In [47]:
import requests
import json
import time
import re
from bs4 import BeautifulSoup
import os
from google import genai
from google.genai import types
from google.cloud import aiplatform 
from dotenv import load_dotenv
from google.cloud import firestore
import warnings

warnings.filterwarnings(
    "ignore",
    message = """Your application has authenticated using end user credentials from Google Cloud SDK without a quota project. You might receive a "quota exceeded" or "API not enabled" error. See the following page for troubleshooting: https://cloud.google.com/docs/authentication/adc-troubleshooting/user-creds. 
  warnings.warn(_CLOUD_SDK_CREDENTIALS_WARNING)"""
)

# get and clean sec filings

In [29]:
HEADERS = {'User-Agent': 'YourName YourCompany your.email@example.com'}

TICKER = "SBET"
CIK = "0001981535"
url = f"https://data.sec.gov/submissions/CIK{CIK}.json"
response = requests.get(url, headers = HEADERS)
response.raise_for_status() 
data = response.json()

In [30]:
def parse_sec_data(data, target_forms = ['10-K', '10-Q']):

    filing_data = data.get("filings", {}).get("recent", {})
    if not filing_data:
        raise Exception("No filing data found.")

    extracted_data = []
    num_filings = len(filing_data.get("form", []))
    if num_filings:
        for i in range(num_filings):
            form_type = filing_data.get("form", [])[i]
            if form_type in target_forms:
                try:
                    accession_number = filing_data.get('accessionNumber', [])[i]
                    primary_document = filing_data.get('primaryDocument', [])[i]
                    filing_date = filing_data.get('filingDate', [])[i]
                    report_date = filing_data.get('reportDate', [])[i]

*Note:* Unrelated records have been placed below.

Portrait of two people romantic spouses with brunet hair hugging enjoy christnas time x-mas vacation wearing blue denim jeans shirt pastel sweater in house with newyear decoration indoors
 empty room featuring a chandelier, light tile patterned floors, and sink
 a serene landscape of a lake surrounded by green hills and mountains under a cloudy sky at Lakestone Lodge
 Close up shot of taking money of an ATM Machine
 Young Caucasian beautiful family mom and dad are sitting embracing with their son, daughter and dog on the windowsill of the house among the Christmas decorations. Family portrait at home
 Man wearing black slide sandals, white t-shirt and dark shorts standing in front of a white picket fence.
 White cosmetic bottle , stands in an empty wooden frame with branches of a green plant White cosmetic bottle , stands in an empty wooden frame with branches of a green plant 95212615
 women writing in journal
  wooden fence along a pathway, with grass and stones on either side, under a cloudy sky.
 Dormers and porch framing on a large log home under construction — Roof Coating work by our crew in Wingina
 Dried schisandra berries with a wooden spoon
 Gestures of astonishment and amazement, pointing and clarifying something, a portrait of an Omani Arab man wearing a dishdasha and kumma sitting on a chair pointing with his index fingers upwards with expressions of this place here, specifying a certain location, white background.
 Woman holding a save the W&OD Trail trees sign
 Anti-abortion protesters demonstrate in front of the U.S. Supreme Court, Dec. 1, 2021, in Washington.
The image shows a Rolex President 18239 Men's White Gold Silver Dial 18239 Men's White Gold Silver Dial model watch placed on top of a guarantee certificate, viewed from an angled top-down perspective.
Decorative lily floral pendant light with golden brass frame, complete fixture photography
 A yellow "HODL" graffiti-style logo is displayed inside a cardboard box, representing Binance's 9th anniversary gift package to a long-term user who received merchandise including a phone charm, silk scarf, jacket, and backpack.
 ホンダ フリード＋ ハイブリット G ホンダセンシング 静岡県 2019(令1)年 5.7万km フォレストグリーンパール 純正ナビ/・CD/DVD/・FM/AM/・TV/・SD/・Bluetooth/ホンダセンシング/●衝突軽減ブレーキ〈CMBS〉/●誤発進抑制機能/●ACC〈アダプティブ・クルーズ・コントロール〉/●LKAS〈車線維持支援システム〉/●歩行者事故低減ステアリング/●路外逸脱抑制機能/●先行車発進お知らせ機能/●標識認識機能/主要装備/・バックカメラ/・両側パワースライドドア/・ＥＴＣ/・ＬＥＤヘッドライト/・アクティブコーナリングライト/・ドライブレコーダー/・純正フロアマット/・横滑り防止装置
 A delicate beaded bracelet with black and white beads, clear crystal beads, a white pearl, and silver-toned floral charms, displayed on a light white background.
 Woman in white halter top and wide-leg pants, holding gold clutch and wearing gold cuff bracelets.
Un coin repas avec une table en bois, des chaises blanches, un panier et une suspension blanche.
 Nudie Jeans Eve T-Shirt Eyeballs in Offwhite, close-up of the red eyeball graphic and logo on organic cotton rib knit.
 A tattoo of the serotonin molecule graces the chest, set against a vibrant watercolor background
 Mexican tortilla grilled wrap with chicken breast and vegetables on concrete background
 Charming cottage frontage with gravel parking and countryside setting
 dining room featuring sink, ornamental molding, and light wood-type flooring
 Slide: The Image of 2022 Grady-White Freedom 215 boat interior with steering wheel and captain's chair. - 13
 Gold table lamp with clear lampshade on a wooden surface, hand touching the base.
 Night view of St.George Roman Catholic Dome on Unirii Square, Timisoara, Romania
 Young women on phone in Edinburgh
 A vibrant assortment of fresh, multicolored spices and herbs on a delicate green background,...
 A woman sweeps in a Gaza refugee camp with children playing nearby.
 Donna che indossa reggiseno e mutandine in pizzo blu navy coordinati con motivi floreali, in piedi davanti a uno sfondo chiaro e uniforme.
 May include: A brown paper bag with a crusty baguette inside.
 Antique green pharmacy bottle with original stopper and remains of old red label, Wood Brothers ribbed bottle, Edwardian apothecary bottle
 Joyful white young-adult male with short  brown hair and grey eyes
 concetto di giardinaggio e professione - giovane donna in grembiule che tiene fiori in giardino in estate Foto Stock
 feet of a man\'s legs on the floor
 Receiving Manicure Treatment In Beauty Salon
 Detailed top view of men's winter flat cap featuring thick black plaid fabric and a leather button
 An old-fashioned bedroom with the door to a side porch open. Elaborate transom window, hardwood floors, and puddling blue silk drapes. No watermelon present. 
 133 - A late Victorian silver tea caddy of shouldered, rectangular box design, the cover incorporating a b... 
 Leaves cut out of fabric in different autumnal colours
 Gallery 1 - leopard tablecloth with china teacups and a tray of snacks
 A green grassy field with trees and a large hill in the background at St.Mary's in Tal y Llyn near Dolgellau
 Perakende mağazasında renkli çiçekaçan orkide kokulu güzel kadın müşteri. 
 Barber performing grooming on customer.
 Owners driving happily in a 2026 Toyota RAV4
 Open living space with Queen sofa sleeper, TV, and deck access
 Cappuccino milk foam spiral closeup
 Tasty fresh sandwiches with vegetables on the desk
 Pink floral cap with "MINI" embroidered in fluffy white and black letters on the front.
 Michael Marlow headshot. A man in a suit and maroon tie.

                    filing_details = {
                        'form_type': form_type,
                        'accession_number': accession_number,
                        'primary_document': primary_document,
                        'filing_date': filing_date,
                        'report_date': report_date
                    }
                    extracted_data.append(filing_details)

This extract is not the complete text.